どうしても、愛は愛として成立してしまう。
歪んだ世界でも、歪んだ愛が、
まるで垂直な雨のように、降り注いでいる。
そんな、うつくしい偽りがあるんだと知っているから、
もう誰のことも愛しているよ。
最終行の「もう」は、ふつうなら「愛していない」につながると思うが、最果は肯定のことばにつないでゆく。
ことばの乱れなのか、わざと乱れさせることで自己主張するのか。
そういう「文体」の内部に入り込んで、感想を書いてみたいという気持ちも生まれる。でも、まだ、どう書いていいのかわからない。
そうしているうちに、「0時の水」という作品に出会う。
わたしは、わたしの喉奥から、
背骨の鳴く声を聞く、
クジラもイルカもセイウチも、
わたしと同じ生き物であると、
骨の芯が知っていて、語り合える、
本当は、わたしも海を泳いでいるし、
光の筋をひろいながら、夜の音を聞くことができる、
そう思いながら深夜のコンビニから、外の景色を見つめて
いると、光が、生き物のよう。わたしとコミュニケーショ
ンなど取ることのできない生き物のように、通りすぎてい
く。わたしはしらない、この星のほとんどの生き物はわた
しの考えていることを、知ることができないのだというこ
とを。わたしが読んでいる本、わたしが食べているもの、
何一つ理解ができなくて、彼らがもし、わたしを好きなら、
とほうもない孤独におそわれているということを。
かわいそうと思う。
そう思えた途端に、明日が頭上に降りてくる。
これを読んだ瞬間、私は、それまで考えていたこと、ことばにしたいなあと感じていたことを忘れてしまう。
この詩はすごい。傑作だ。
それから、私はことばを探し始める。
私は何に感動したのか。
「肉体」の書き方に感動した。「背骨が鳴く」。その「声」を「喉奥から」「聞く」。私は聞いたことはないが、聞いたことがないことを忘れて、「あ、その声を覚えている」と感じる。私も知っている、と。

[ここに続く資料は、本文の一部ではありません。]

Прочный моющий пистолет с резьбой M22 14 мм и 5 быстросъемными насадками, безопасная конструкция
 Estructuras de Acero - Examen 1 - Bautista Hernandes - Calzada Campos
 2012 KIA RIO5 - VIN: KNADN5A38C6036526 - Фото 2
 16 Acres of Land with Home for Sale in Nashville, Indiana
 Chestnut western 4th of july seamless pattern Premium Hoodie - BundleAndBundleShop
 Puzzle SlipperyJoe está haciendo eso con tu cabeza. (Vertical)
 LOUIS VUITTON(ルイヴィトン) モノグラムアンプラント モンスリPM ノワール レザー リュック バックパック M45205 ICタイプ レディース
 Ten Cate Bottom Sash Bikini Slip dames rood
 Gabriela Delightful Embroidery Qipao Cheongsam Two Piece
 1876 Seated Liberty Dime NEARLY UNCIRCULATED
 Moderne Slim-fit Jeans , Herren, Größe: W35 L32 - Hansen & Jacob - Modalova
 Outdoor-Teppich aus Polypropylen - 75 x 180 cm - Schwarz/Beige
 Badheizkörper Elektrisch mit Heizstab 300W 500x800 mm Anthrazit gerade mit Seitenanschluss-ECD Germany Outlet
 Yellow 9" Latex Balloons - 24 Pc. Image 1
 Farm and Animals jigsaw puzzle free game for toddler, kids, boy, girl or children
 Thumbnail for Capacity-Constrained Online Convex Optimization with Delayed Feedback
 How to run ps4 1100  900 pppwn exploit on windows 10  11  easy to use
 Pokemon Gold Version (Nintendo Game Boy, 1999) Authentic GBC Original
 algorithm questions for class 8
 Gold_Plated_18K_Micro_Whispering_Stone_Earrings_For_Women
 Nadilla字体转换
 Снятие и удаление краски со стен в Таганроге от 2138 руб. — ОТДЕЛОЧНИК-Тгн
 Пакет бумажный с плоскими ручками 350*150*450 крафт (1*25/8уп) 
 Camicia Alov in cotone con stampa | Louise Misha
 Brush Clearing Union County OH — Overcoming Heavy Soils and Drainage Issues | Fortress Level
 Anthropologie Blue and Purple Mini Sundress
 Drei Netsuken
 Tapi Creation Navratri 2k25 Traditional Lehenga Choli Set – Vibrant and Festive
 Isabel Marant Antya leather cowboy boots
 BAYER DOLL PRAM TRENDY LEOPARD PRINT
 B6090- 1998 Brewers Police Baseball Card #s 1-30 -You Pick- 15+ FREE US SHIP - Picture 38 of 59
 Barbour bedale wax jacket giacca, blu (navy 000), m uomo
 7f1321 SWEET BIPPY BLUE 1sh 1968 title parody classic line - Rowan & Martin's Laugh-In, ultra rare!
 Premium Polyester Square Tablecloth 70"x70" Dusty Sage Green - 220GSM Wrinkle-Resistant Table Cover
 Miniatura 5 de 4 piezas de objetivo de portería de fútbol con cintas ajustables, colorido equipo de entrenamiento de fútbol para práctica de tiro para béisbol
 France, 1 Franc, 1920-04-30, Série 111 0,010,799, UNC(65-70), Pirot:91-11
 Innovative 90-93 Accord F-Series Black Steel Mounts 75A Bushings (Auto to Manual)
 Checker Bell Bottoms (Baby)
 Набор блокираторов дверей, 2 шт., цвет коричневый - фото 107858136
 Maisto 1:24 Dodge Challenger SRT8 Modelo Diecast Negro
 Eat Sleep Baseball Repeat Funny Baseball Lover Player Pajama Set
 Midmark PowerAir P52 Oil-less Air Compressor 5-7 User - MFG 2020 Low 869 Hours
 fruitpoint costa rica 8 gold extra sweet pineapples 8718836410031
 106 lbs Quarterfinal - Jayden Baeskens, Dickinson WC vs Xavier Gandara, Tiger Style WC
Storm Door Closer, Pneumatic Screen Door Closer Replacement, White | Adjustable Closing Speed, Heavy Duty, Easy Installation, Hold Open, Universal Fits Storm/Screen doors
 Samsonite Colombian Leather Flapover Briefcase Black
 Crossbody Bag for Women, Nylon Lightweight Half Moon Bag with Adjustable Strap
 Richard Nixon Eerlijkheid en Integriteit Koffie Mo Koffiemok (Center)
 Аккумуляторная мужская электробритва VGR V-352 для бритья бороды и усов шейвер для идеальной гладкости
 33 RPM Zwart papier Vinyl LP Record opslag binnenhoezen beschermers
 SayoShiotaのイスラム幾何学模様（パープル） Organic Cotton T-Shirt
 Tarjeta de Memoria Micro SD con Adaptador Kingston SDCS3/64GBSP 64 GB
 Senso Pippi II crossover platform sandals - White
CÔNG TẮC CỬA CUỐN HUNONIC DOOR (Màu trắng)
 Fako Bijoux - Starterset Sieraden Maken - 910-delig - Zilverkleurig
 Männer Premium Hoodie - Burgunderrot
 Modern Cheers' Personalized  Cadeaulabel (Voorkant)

これはもちろん私の錯覚だが、そういう錯覚を引き起こす力が最果のことばにある。
この「背骨の鳴く声」が「クジラもイルカもセイウチも」とつながっていくが、そのすべてが「わかる」。それから、それにつづく「骨の芯」も。
そのとき私は海を泳いでいる。クジラかイルカかセイウチか、どれになっているのかわからないが、たぶん、それは名前が違うけれど、同じ「背骨」をもった「生き物」である。
そう思うのである。
しかし、最果は、そこにとどまらない。
クジラ、イルカ、セイウチを突き放してしまう。一体にならない。
何一つ理解ができなくて、彼らがもし、わたしを好きなら、
とほうもない孤独におそわれているということを。
かわいそうと思う。
そう思えた途端に、明日が頭上に降りてくる。
「孤独」という使い古されたことばが、しかし、まったく新しい形で、そこに存在している。
「彼ら」を「孤独」と呼ぶとき、最果は「孤独」以上に「孤独」である。名づけられない「孤独」のなかにいる。なぜ、名づけられないのか。どう名づけてみても、結局「孤独」というこことばのなかに取り込まれてしまうからだ。
違うのに、同じことば。
ひとりひとり、というか、最果が感じていることは、ほかの誰かの感じていること(たとえば私が感じていること)とは違うのに、「同じことば」になってしまうのだ、ことばにした瞬間。
そう知りつつ、あるいは知っているからこそ、最果は詩を書く。
「かわいそうと思う」と書いているが、だれを「かわいそうと思う」のか。それは私たち読者がひとりひとり感じとるしかない。最果に「答え」を聞くのではなく、感じたことが、私の「答え」なのだ。